Public want ban on revolving door appointments

Tuesday, 3 May 2016

The British public wants a ban on ‘revolving door’ appointments, where former ministers and civil servants join private companies they have worked closely with while in government. The findings come in a new briefing published today by the Centre for Crime and Justice Studies. The briefing, called Redefining Corruption, also finds that the public disapprove of the common practice of accountancy firms advising government on tax policies, only to use the insider information gained to help corporate clients avoid paying tax.
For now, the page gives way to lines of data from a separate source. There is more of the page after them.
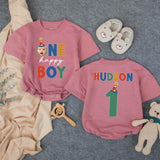 Personalized First Birthday Romper for Baby Boy with Name and Age, Bold Multicolored Font and Star Hat Design, Soft Cotton Party Outfit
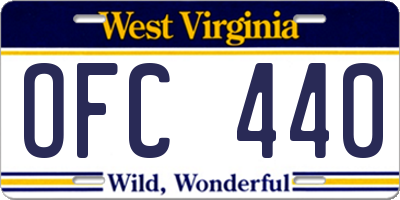 WV license plate OFC440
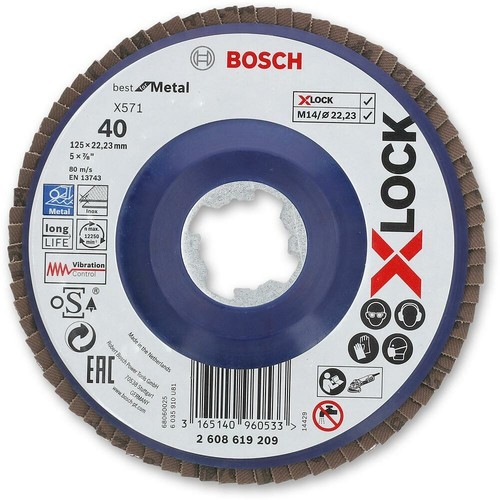 Bosch XLOCK Grinder Flap Disc 125mm 40G 3165140960533 eBay
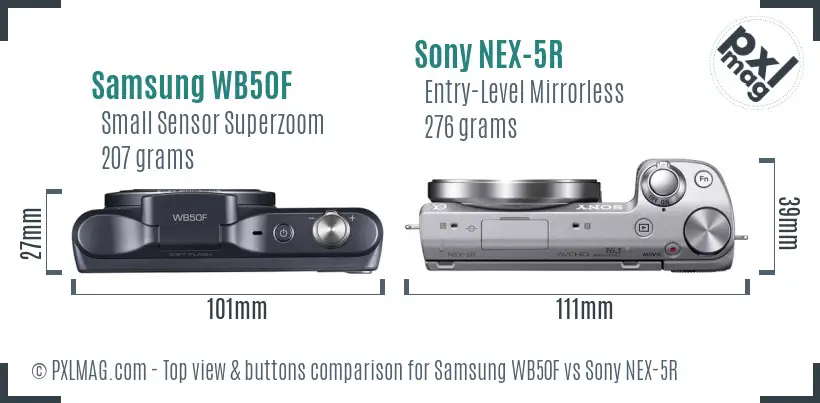 Samsung WB50F vs Sony NEX-5R top view buttons comparison Samsung WB50F vs Sony NEX-5R top view buttons comparison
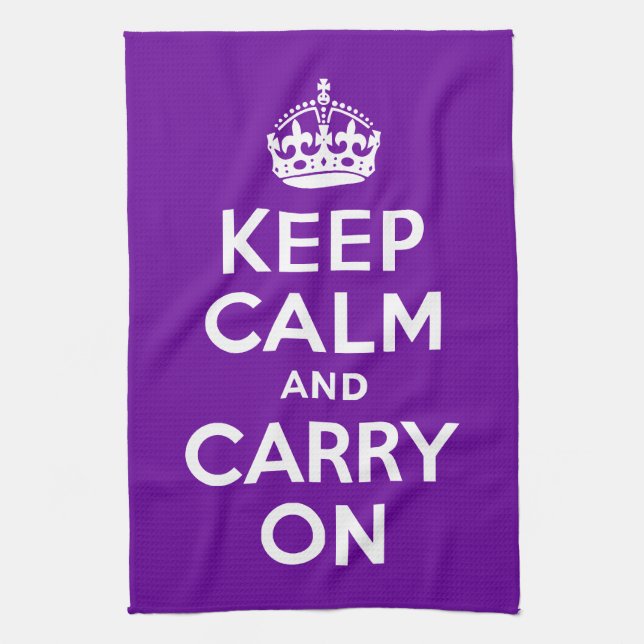 Purple Keep Calm and Carry On Towel (Vertical)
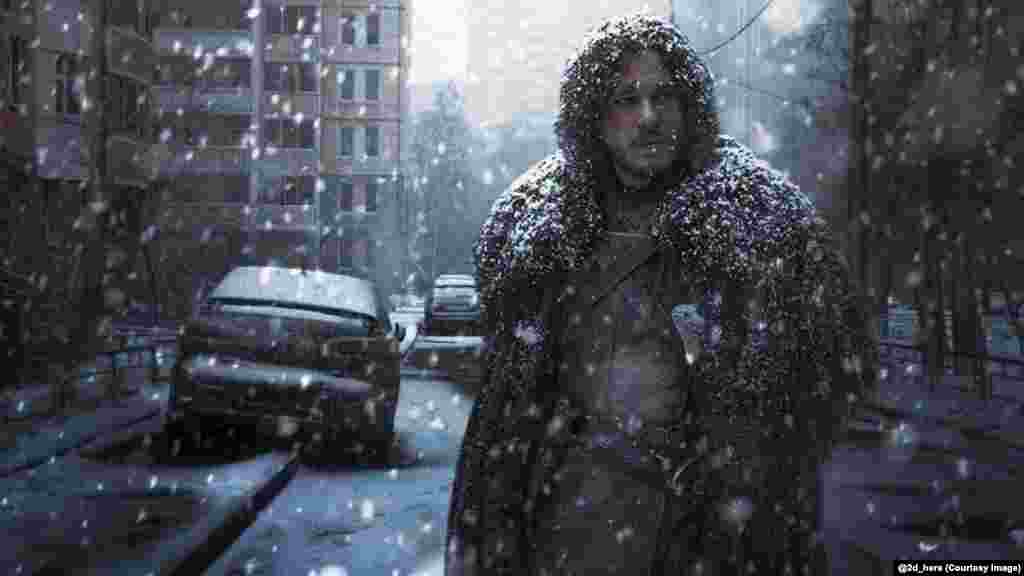 Winter is...here. Jon Snow from Game of Thrones.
The findings come at a time of growing concern over revolving door appointments and overly close relationships between government departments and private interests. In April, Baroness Browning, chair of the Advisory Committee on Business Appointments, told MPs there had been an increase in ex-ministers seeking employment in sectors they were previously responsible for. She called for tougher rules to make it more difficult for ex-ministers and civil servants to pick up lucrative private sector appointments.

The briefing – Redefining corruption – by Professor David Whyte and Dr David Ellis of the University of Liverpool – reports on an online survey of 1,745 people, conducted by the polling organisation YouGov. According to the briefing:

  • 73% agreed that ex-ministers should be banned from joining company boards if it meant they were profiting from experience gained while in office.
  • 75% felt that ex-civil servants should not become paid advisers to companies they have had a close working relationship with while in government.
  • 62% wanted a ban on accountancy companies using insider knowledge to advise clients on how to avoid tax.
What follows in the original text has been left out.